Note that minimizing the expected number of collisions is potentially a different problem than minimizing the probability of any collisions. A collision could lead to a data correctness bug in RocksDB; in such a case, it is arguably better to hit a cluster of collisions than one isolated collisions because the cluster is more likely to be detected (e.g. process crash more likely vs. silent corruption) as requiring mitigation (e.g. promote a new leader).

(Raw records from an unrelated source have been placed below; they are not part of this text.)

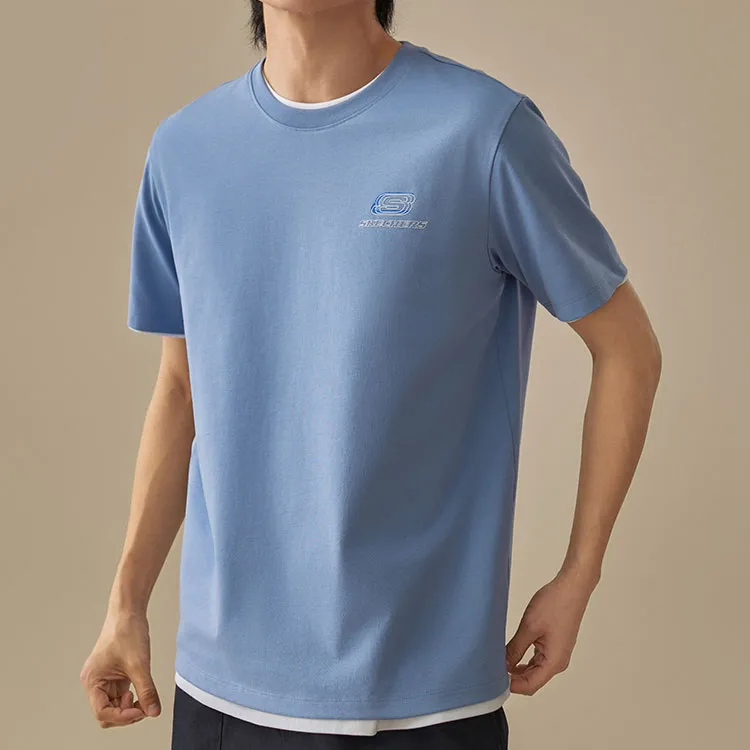 Skechers Sports Life Collection T Shirt Unisex Slate Denim Blue-2
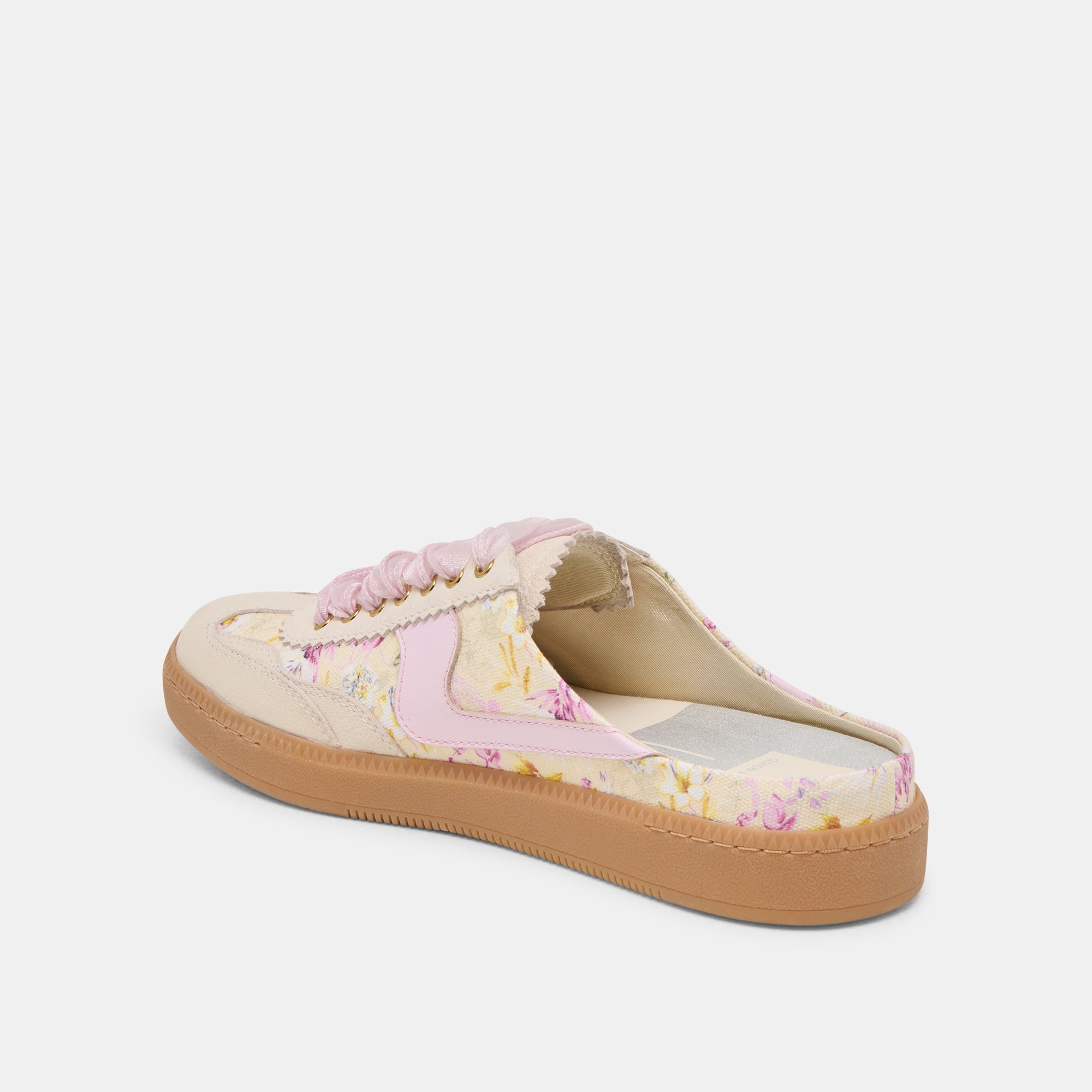Floral Leather Slide Sneakers for Women - Comfortable Purple Slip-On Shoes for Casual Wear, Lounging & Summer Outfits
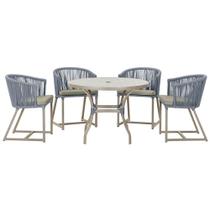 Mesa com 4 Cadeiras de Jantar Roma 100cm e Noronha em Aluminío Fendi Corda Nautica Estofado 8 Trama Original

The naive solution, corresponding to RFC 4122 Version
4,
is to assign each entity an independently random identifier. For n
processes each generating on average m entities, the probability of
any collisions is approximately 1 - exp(-(n*m)^2 / 2^(b+1))
. For
example, with n=100, m=100, and b=32, we have about a 1% chance
of collision.
Suppose we make the assumption that all processes generate exactly m
entities. A logical approach is to divide the set of 2^b possible
identifiers into buckets of size m. Each process chooses a random
bucket and assigns entities bijectively to the identifiers in the
bucket. The probability of collision is 1 - exp(-n^2 * m / 2^(b+1))
,
as it only depends on the number of buckets 2^b / m
and number of
processes n.
Now let us return to the general problem in which the number of entities generated by each process is unknown until they are all generated. Let m be the average number of entities generated per process.

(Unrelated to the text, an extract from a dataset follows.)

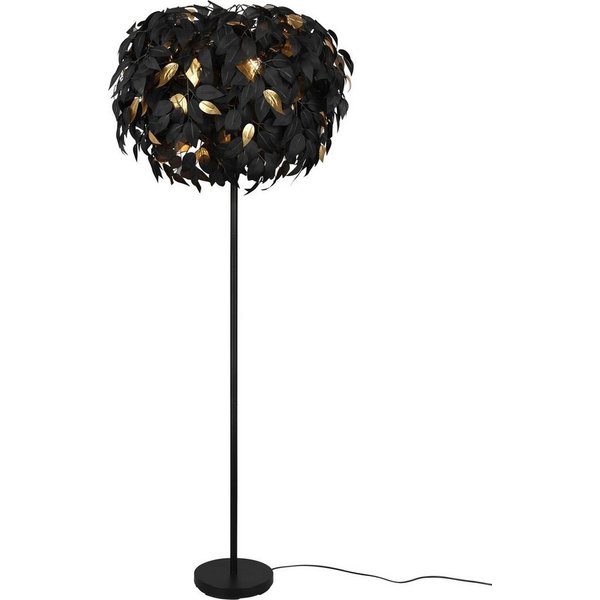 Reality Leuchten Stehlampe Leavy, ohne Leuchtmittel, warmweiß - kaltweiß, Stehleuchte Blatt Design, Fußschalter, exkl 3xE14 max 28W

Each process can choose a random base_id
and simply assign ID
base_id + i (mod 2^b)
to each ith entity it generates. It is easy
to see that this approach is no better than the limited bucket
solution for the same m, but should have probability within some
small constant of that based on the expected number of buckets
intersecting random ranges with average length the same as bucket
size.
Each process can choose a random base_id
and simply assign ID
base_id ⊕ i
to each ith entity it generates. This is
plausibly better than addition because it tends to pack IDs into a
minimum of power-of-two sized buckets.
Running the Monte Carlo simulation in monte_carlo/sim.cc, we see results like this:
$ ./sim.out 100 26 30000 # b=20, m=100, n=26
Collision probability random: 0.9593
Collision probability bucket_fixed: 0.0305
Collision probability addition_fixed: 0.0613667
Collision probability xor_fixed: 0.0383333
Collision probability addition_geom: 0.0611333
Collision probability xor_geom: 0.0552333
$ ./sim.out 128 20 30000 # b=20, m=128, n=20
Collision probability random: 0.955633
Collision probability bucket_fixed: 0.0229667
Collision probability addition_fixed: 0.0467667
Collision probability xor_fixed: 0.0235667
Collision probability addition_geom: 0.0464
Collision probability xor_geom: 0.0437
$ ./sim.out 129 20 30000 # b=20, m=129, n=20
Collision probability random: 0.957567
Collision probability bucket_fixed: 0.0231667
Collision probability addition_fixed: 0.0455333
Collision probability xor_fixed: 0.0439
Collision probability addition_geom: 0.0458333
Collision probability xor_geom: 0.0426
_fixed
configurations use constant m while _geom
configurations use
geometric distribution (memoryless) with average m entities per process.
As predicted, we can very much improve on the naive random solution. The unrealistic bucket approach gives a kind of lower bound for the probability we can hope to attain with the realistic addition and xor approaches. Although in some limited cases xor can come close to the bucket approach, both xor and addition are more typically around twice the collision probability of the bucket approach. Overall, xor does maintain a small advantage over addition.